Liver dumplings
A traditional taste of Bavaria where liver dumplings are a popular starter, served in good broth. Equally good with any vegetable puree (including sauerkraut, which makes a smooth and gentle puree with some crème fraiche added – sauerkraut is a very good source of vitamin C).
Ingredients
- 4 bread rolls, slightly stale (a day old), finely cubed
- 100 g beef liver, finely chopped
- 50 g lard, finely chopped
- 1 tbsp fresh (or dried) marjoram leaves
- 30 g butter (soft, at room temperature)
- 1 tbsp double cream
- 1 egg
- pinch of ground cloves, pinch of ground nutmeg
- salt, pepper
Method
- Mix finely chopped liver and lard, blend to a smooth consistency (you may need to pass the mixture through a fine-meshed sieve, with the back of a spoon), set aside.
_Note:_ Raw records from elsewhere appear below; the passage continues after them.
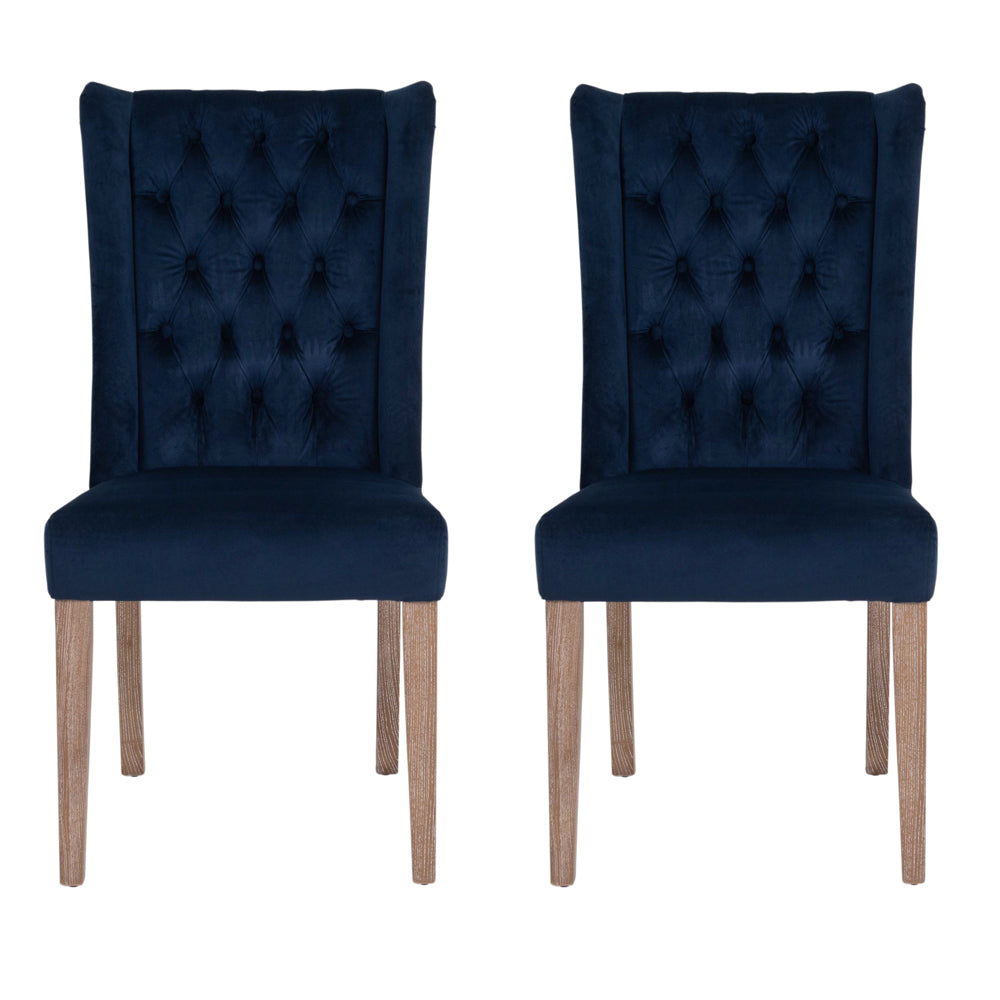  Libra-Libra Luxurious Glamour Collection - Pair of Richmond Navy Blue Velvet Buttonback Dining Chair-Blue 573 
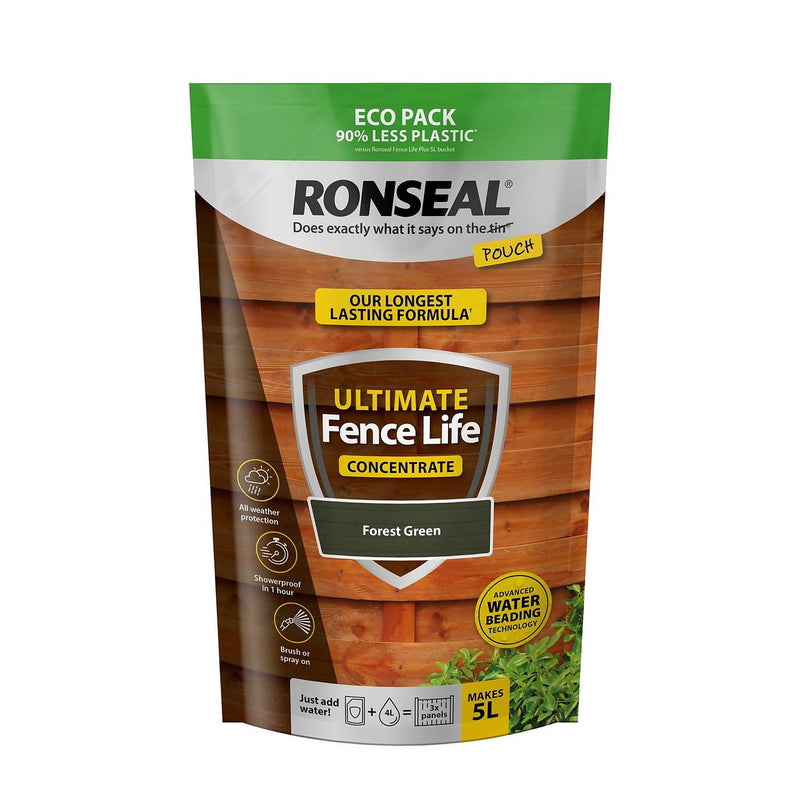 Ronseal 950ml Ultimate Fence Life Concentrate Pouch, Forest Green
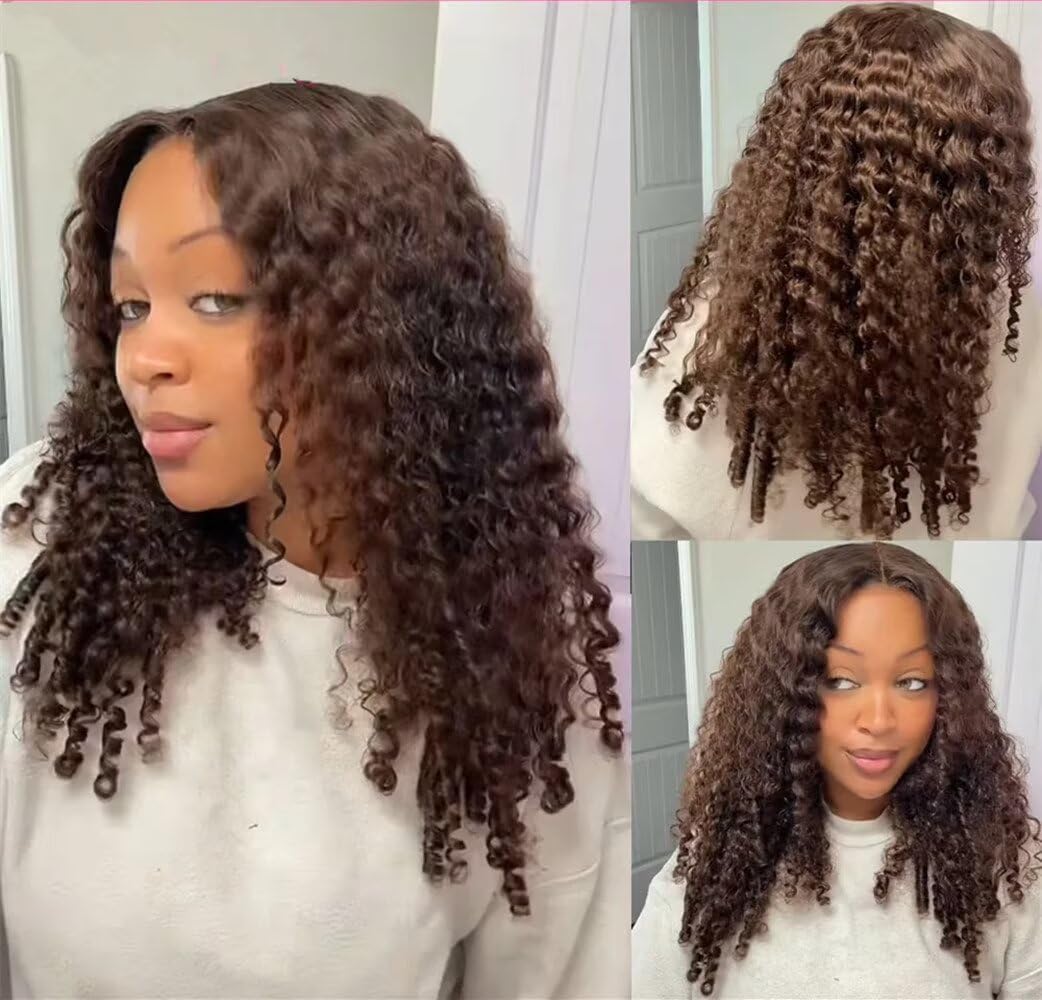 Chocolate Brown Human Hair Burmese Curly Glueless Wigs HD Invisible Lace Front Wig with Baby Hair 180% Density Full End Brazilian Deep Wave Transparent Lace Dark Brown Wigs Pre Plucked 14Inch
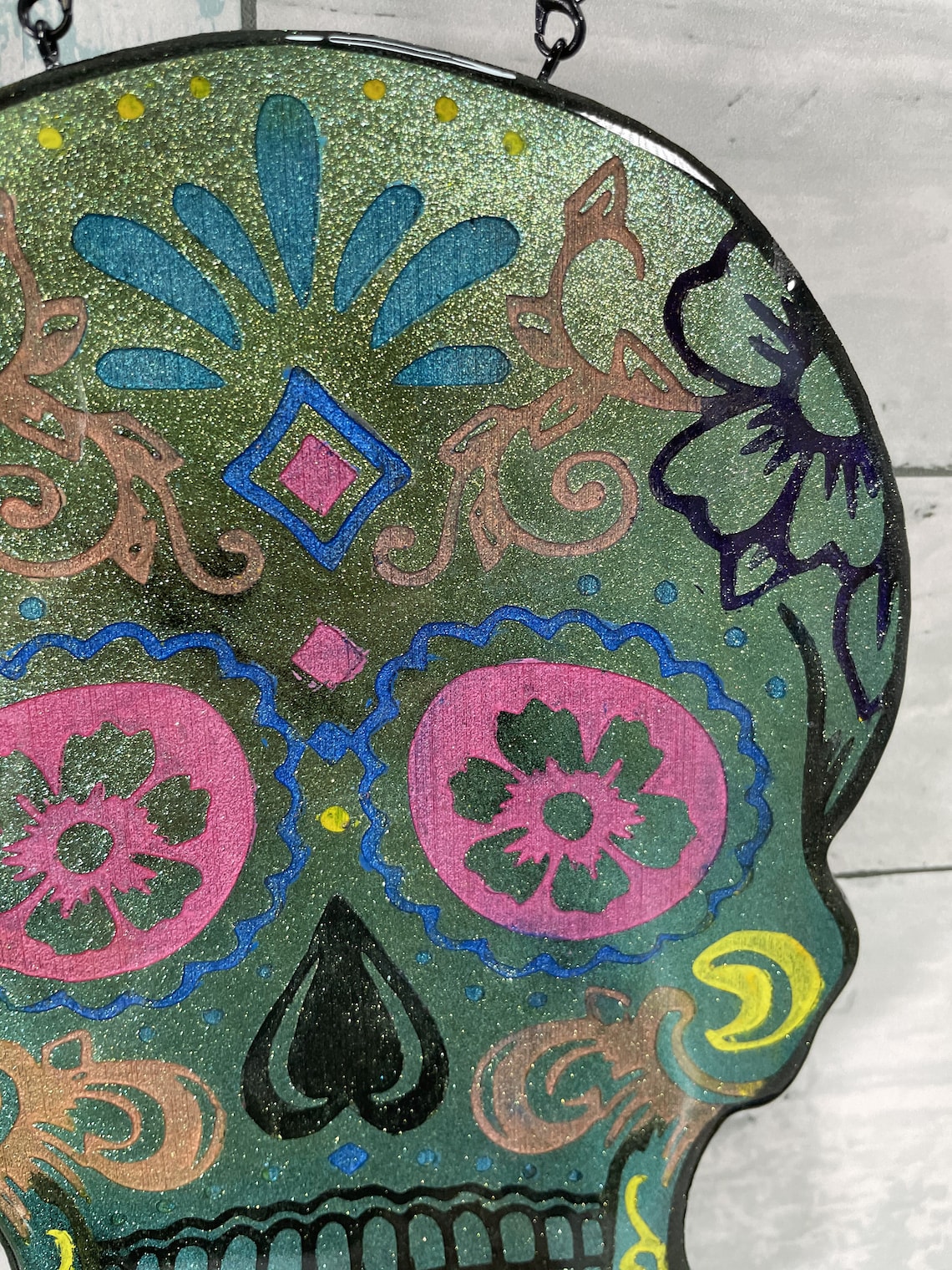 Sugar Skull Wall Hanging Wall Decor 8.25in Colorido arte de Etsy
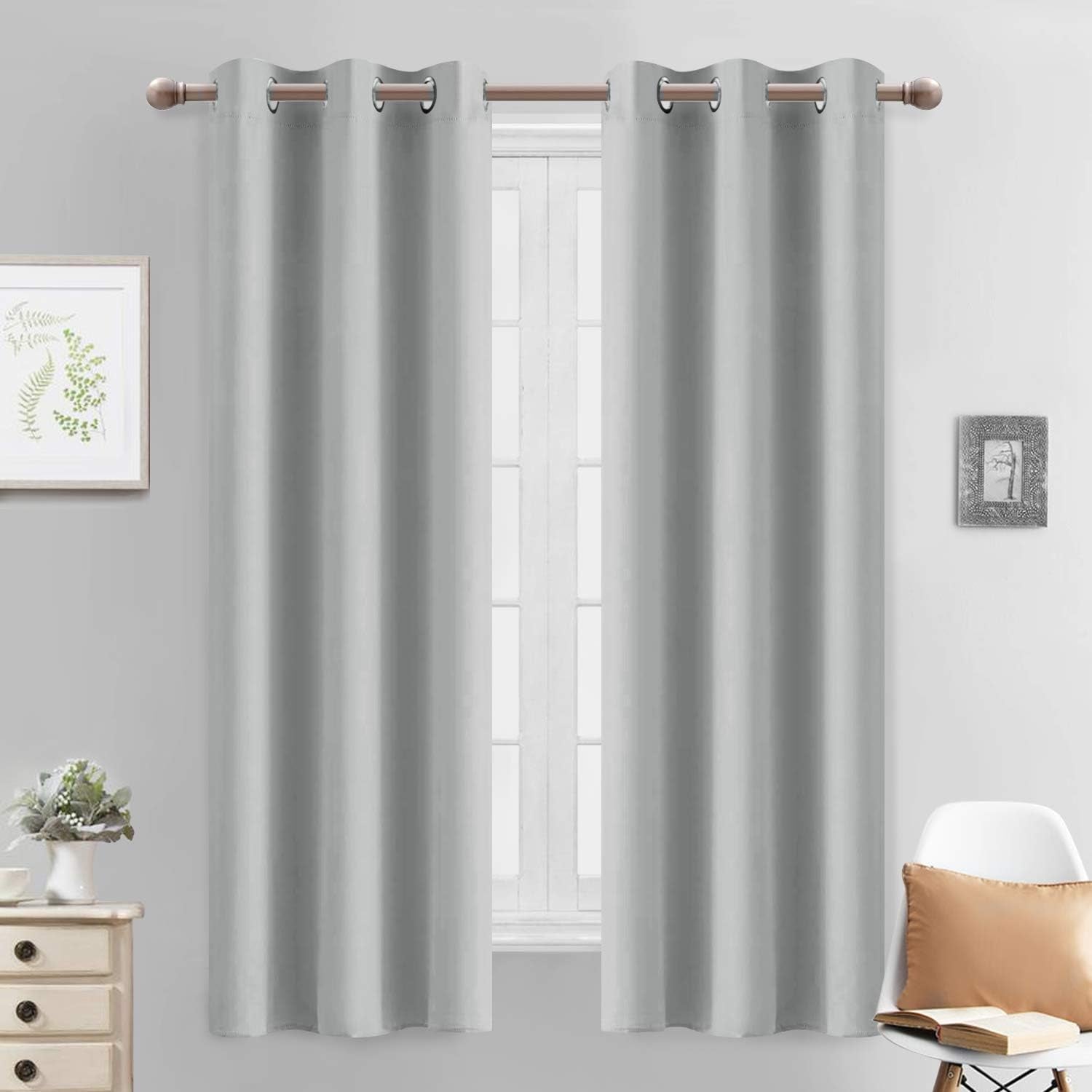 Room Darkening Gray Blackout Curtains 84 Inch Long Light Blocking Thermal Insulated Window Treatment Grommet Drapes for Bedroom Living Room, 52W X 84L, Grey Curtains, 2 Panels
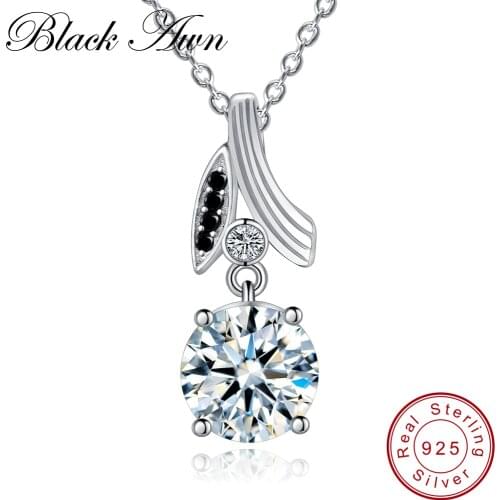 [BLACK AWN] Real 925 Sterling Silver Jewelry Necklace for Women Black Spinel Flower Necklaces Pendants P153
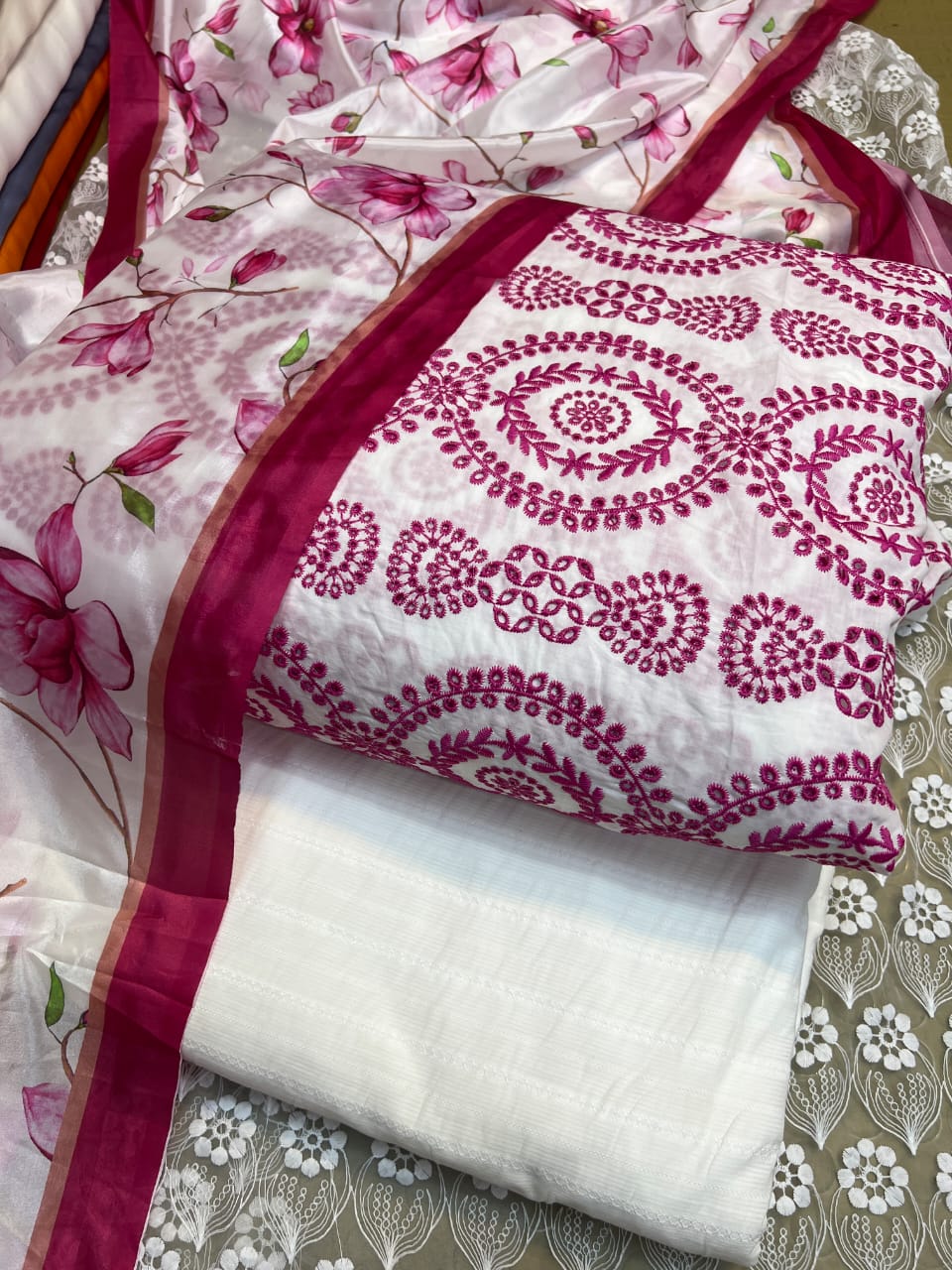 Chickenkari cutwork dresses with medium silk duppata limited stock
- In a bowl, whisk the soft butter until pale and fluffy, add cream and egg, mix well. Add the liver puree, marjoram, cloves, nutmeg. Mix well, season well. Add finely chopped bread rolls, knead mixture until everything is well combined. Cover and refrigerate for several hours.
- In a large saucepan, bring salted water to the boil. Form the liver mass into small round dumplings, lower dumplings into the boiling water, reduce heat slightly and cook for about 10 minutes, the dumplings rise to the surface when done. Remove from the cooking liquid with a slotted spoon and drain.